(Given material Opens)

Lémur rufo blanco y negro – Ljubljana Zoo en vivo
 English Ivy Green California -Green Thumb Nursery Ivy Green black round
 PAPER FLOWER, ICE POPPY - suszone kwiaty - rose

(Given material Closes)

• Work task:
Beginning with the line that contains "English Ivy Green", return every line to the end of the listing, unchanged, and nothing else.

• Exercise solution:
 English Ivy Green California -Green Thumb Nursery Ivy Green black round
 PAPER FLOWER, ICE POPPY - suszone kwiaty - rose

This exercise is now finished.